A successful world premiere was the icing on the Washington Ballet's cake last night, as the company launched its fall series at Lisner Auditorium in a burst of youthful glory.
Indeed, the company is riding high these days. Choo San Goh, the troupe's resident choreographer since 1976 and a prime cause of its ascendancy since then, was recently promoted from assistant to associate artistic director, in a year that will have embraced the premiere of his first full-length ballet ("Romeo and Juliet," for the Boston Ballet) and a coming guest staging for the Royal Danish Ballet. Two days after the Lisner series (which ends Saturday), the company leaves for a three-week tour of South America, the first of two, perhaps three, overseas jaunts in '84-85, including one to China.
As always, the passage of a year has brought arrivals and departures among the dancers.
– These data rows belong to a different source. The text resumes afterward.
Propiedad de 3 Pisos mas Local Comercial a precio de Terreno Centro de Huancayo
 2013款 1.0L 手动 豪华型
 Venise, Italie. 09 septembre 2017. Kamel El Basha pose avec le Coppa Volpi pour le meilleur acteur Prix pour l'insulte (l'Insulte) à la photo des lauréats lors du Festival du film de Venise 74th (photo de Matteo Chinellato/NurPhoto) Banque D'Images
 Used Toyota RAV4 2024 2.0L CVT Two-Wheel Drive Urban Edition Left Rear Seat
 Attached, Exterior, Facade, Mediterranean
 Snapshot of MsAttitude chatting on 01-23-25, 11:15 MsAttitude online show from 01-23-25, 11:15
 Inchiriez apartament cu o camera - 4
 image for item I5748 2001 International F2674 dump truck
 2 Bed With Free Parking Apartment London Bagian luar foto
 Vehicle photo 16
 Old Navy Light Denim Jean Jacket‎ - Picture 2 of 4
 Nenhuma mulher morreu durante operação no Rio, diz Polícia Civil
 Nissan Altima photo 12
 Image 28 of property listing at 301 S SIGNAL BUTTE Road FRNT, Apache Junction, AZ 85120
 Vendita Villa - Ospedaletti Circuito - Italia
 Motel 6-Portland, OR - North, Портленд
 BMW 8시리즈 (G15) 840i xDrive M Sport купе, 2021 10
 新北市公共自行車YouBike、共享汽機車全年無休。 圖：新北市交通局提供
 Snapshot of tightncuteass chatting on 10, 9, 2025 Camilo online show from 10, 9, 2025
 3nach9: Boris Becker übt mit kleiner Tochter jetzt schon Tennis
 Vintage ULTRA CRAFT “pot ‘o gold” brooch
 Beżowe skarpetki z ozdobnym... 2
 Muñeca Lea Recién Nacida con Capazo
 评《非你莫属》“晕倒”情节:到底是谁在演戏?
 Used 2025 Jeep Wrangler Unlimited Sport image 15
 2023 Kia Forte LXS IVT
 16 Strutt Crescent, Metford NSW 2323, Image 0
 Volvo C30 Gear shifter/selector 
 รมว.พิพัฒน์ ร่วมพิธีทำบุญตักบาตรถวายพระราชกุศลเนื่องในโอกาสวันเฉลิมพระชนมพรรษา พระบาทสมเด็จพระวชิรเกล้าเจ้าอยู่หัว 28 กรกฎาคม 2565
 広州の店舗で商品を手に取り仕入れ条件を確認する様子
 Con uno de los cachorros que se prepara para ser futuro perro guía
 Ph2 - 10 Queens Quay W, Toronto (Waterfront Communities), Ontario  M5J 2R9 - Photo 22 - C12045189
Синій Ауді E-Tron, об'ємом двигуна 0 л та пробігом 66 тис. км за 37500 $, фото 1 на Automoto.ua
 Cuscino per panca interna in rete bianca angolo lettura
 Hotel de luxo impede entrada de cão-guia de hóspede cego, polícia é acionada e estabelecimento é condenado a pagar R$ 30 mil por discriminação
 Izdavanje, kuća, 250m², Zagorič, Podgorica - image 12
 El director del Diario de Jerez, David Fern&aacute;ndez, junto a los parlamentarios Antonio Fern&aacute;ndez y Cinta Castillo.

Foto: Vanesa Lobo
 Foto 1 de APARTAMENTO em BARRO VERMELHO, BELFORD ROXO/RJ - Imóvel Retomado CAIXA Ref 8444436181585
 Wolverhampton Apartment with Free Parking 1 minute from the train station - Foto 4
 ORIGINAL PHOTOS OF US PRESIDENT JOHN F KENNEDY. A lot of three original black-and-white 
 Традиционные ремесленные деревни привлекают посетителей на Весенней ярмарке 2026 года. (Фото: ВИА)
But the new lineup looks to be, at first blush, possibly the finest thus far, and the eight men -- half of them trained in artistic director Mary Day's school -- certainly constitute the best matched, strongest male contigent one can recall in Washington Ballet history. Among the seven newcomers to the troupe, several already appear to be outstanding, including Cynthia Anderson, formerly of the Joffrey Ballet; Sandra Fortune, for years the leading ballerina of the city's now inactive Capitol Ballet; William Batcheler, a staunch young man from the Australian Ballet; and Amy Bauer, the latest of the extravagantly promising ingenues Day never fails to come up with year after year.
The premiere was "A Night at the Ballet" by New York's modern dance-trained Matthew Diamond -- at 32, already racking up direction and choreography credits for the Olympics, for Hollywood, for network TV and for musical theater. The new piece is of that comparatively rare genre, comedy ballet -- a kind of Murphy's Law of the dance stage, with everything that possibly can going dizzily haywire. The comedy is rather on the broad side generally, but except for one miscalculated gambit it doesn't depend on slapstick -- the humor comes from the movement, and most of it is very skillfully and cleverly engineered. The choreographic substance, moreover, isn't as slender as it might appear; it takes really cultivated craftsmanship to mimic all those ballet cliche's (and this is Diamond's first essay in the idiom), accurately enough to register and at a fast enough clip to keep the comic rhythm from flagging.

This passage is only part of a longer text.